Data extracts |
□ □ □ □ □
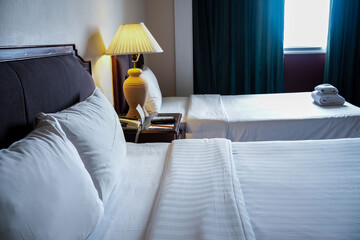Naklejka premium Towels and bedding on double beds in dormitories or guesthouse rooms that are empty.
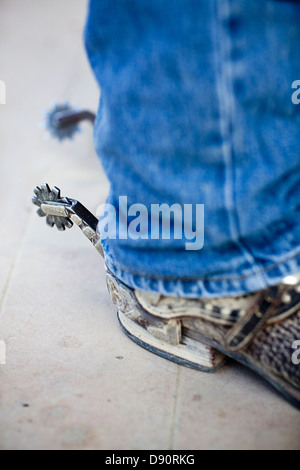 Low section of man wearing cowboy boots with spurs Stock Photo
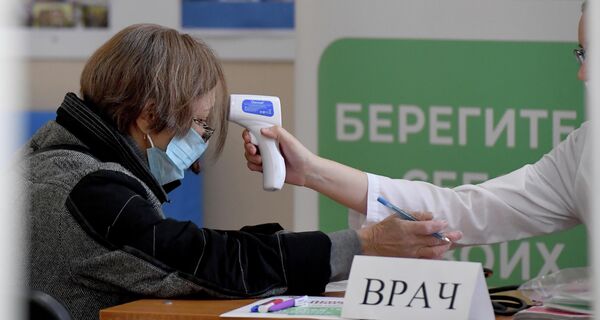 Medición de la temperatura de una ciudadana antes de entrar en el colegio electoral. - Sputnik Mundo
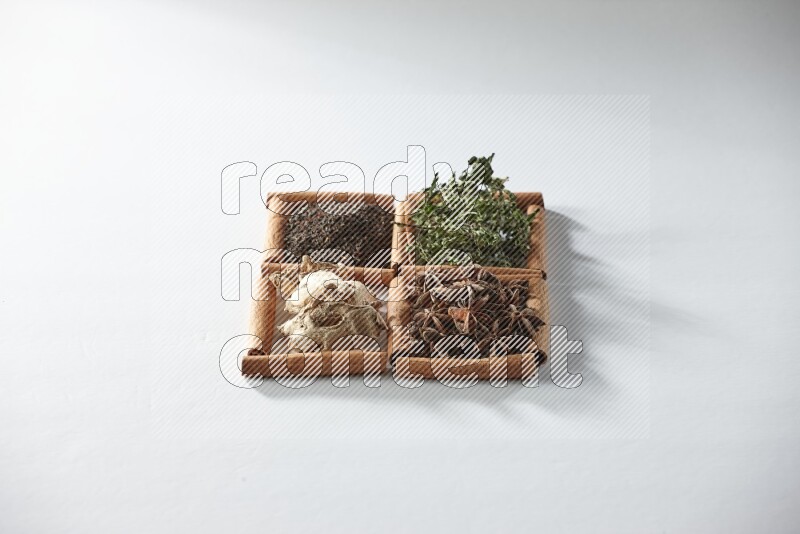 4 squares of cinnamon sticks full of tea, mint, star anise and ginger on white flooring
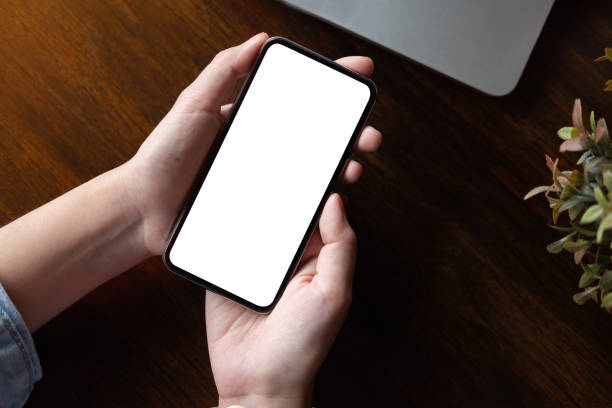 istock Close up Woman hand Using a Smart Phone with blank screen at office. 1069938226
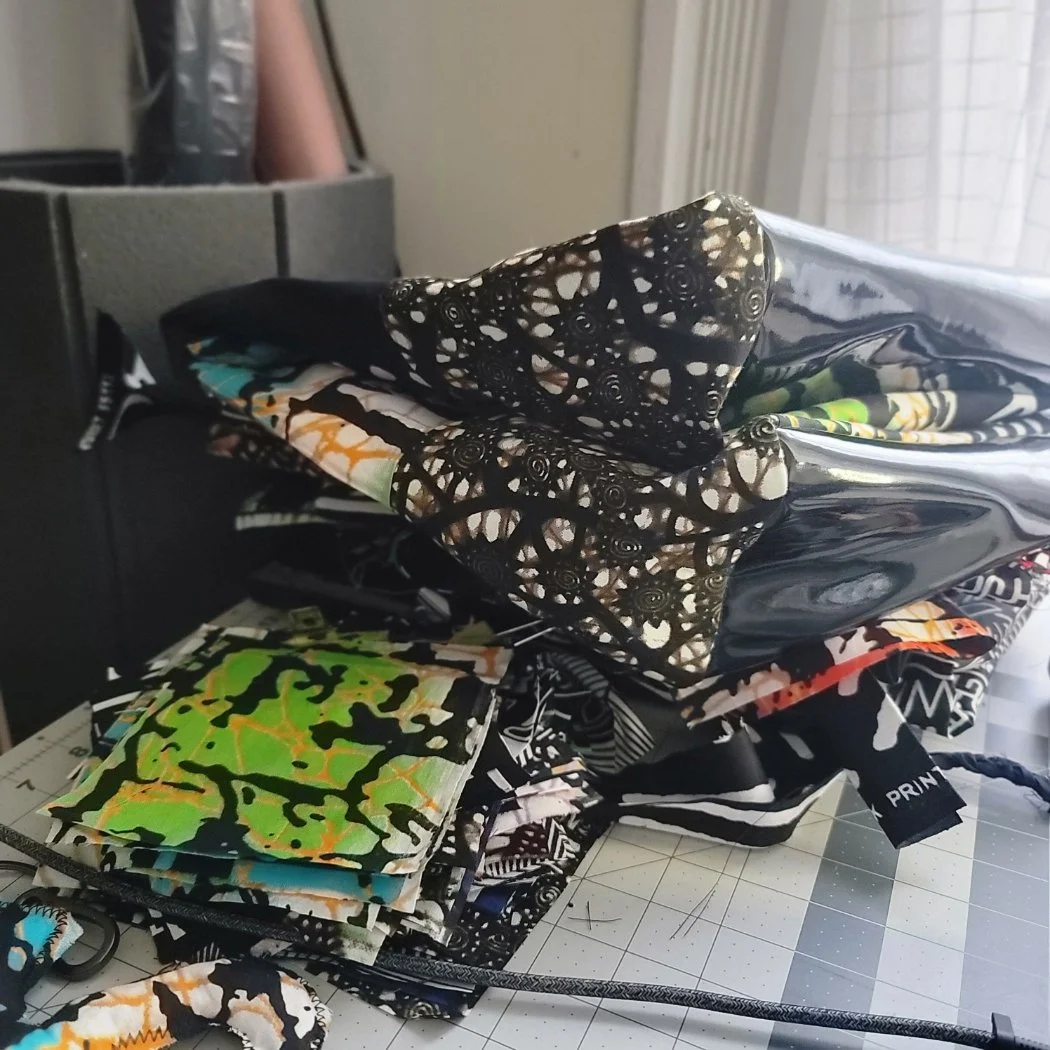 Stack of folded fabric with various colorful and black-and-white patterns on a cutting mat in a craft room.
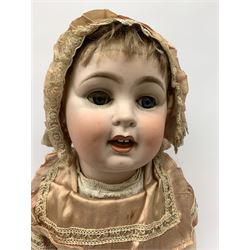 German bisque head doll with applied hair, sleeping eyes and open mouth with teeth and fixed tongue, on composition body with jointed limbs, marked 'P.M. 914 Germany 14' H65cm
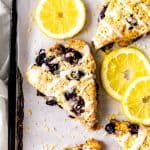 Lemon blueberry scones on a baking sheet with lemon slices and a linen napkin.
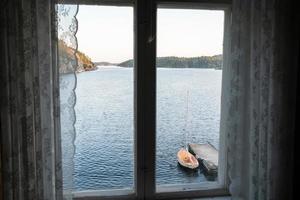 velha janela fechada com excelentes vistas sobre o mar, costa rochosa, barco atracado e céu ao pôr do sol. foto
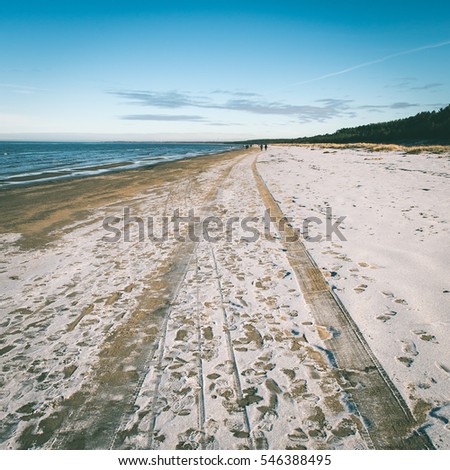 frozen sea beach with blue sky and snow covered tracks - instant vintage square photo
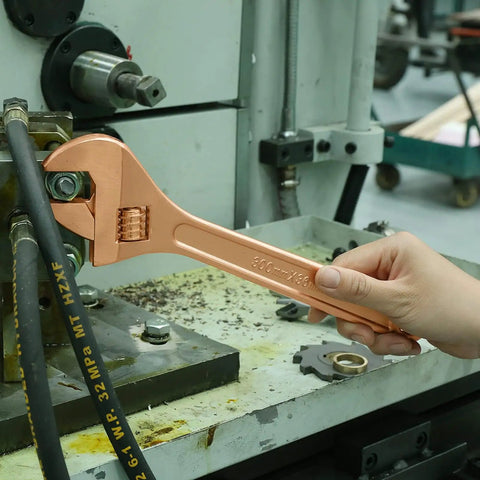 Hand using a beryllium copper 300mm pipe wrench from 36 Piece Non Sparking Tool Set For Pro Grade Jobs, non-magnetic and corrosion-resistant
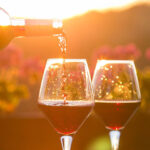 Red wine being poured into glasses at sunset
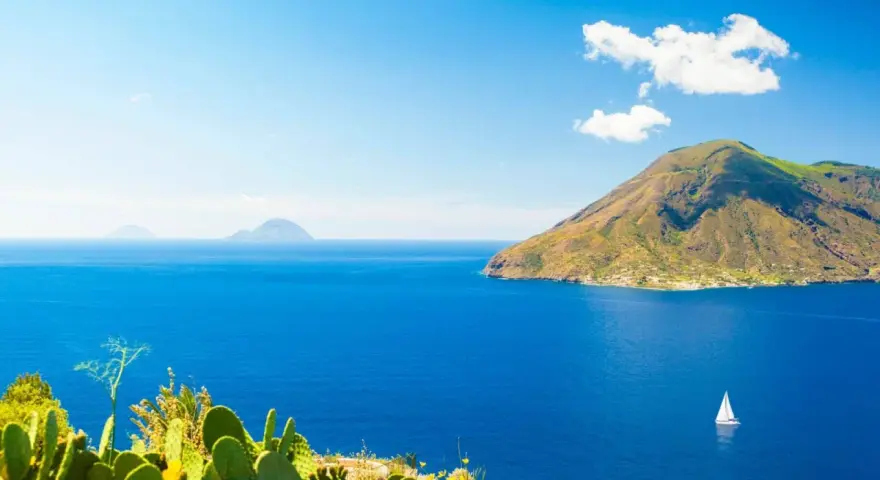 Panoramica delle Isole Eolie: cosa vedere? Un veliero solca il blu intenso del mare, con isole vulcaniche sullo sfondo e fichi d'India in primo piano.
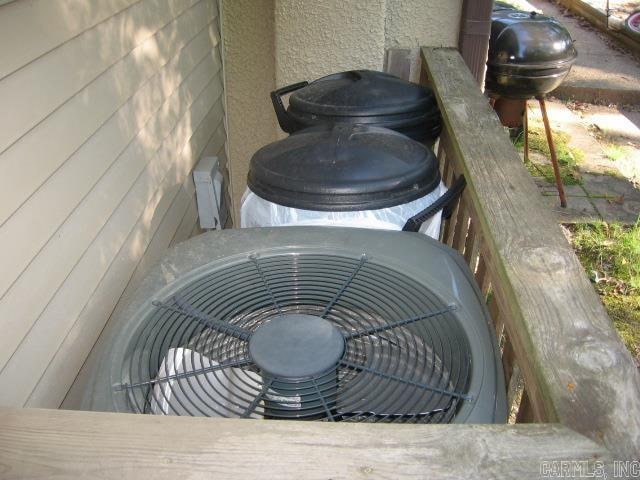 details with central AC unit and wooden walls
□ □ □ □ □
Problem to solve |
Reproduce, word for word, the lines from the one containing "Hand using a beryllium" through the final line above. Leave every picture out.

Result for this task |
 Hand using a beryllium copper 300mm pipe wrench from 36 Piece Non Sparking Tool Set For Pro Grade Jobs, non-magnetic and corrosion-resistant
 Red wine being poured into glasses at sunset
 Panoramica delle Isole Eolie: cosa vedere? Un veliero solca il blu intenso del mare, con isole vulcaniche sullo sfondo e fichi d'India in primo piano.
 details with central AC unit and wooden walls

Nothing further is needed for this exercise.